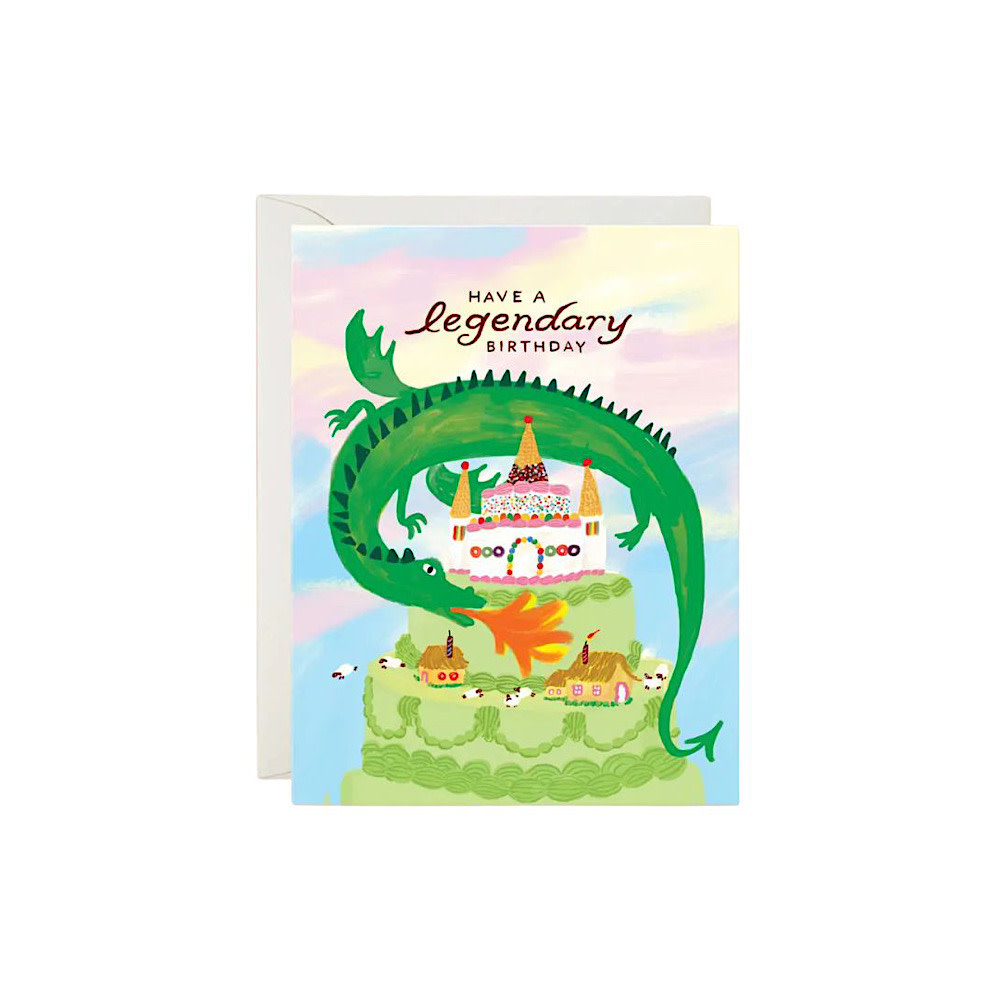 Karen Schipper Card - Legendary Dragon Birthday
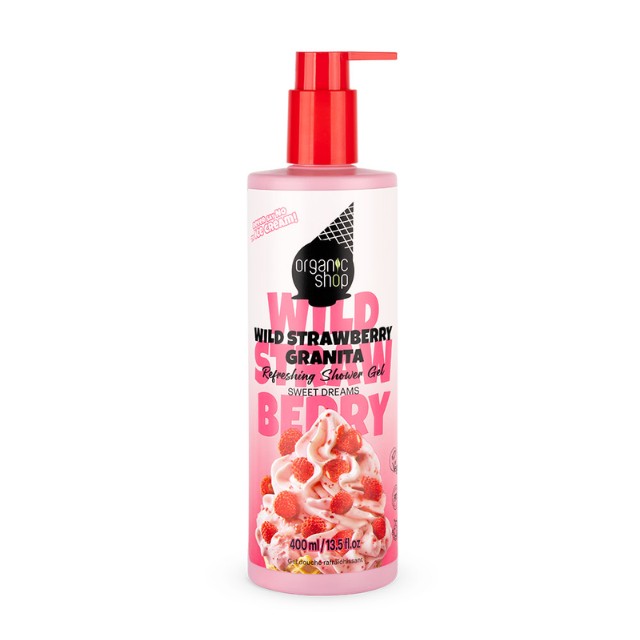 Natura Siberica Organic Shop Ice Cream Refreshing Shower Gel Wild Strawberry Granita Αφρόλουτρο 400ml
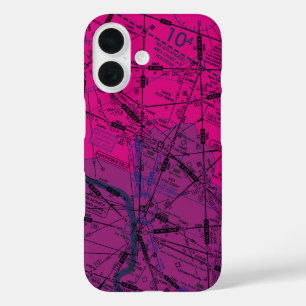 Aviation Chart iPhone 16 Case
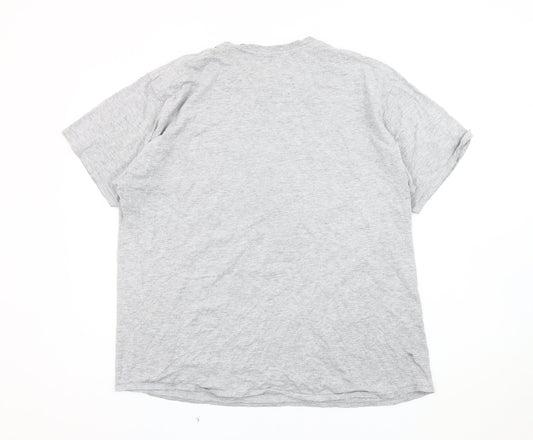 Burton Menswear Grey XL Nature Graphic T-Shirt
○ ○ ○ ○ ○ ○ ○
▶ Exercise requirements: Would you reproduce each line of the material exactly, omitting the images?

▶ Solution for this task:
 Karen Schipper Card - Legendary Dragon Birthday
 Natura Siberica Organic Shop Ice Cream Refreshing Shower Gel Wild Strawberry Granita Αφρόλουτρο 400ml
 Aviation Chart iPhone 16 Case
 Burton Menswear Grey XL Nature Graphic T-Shirt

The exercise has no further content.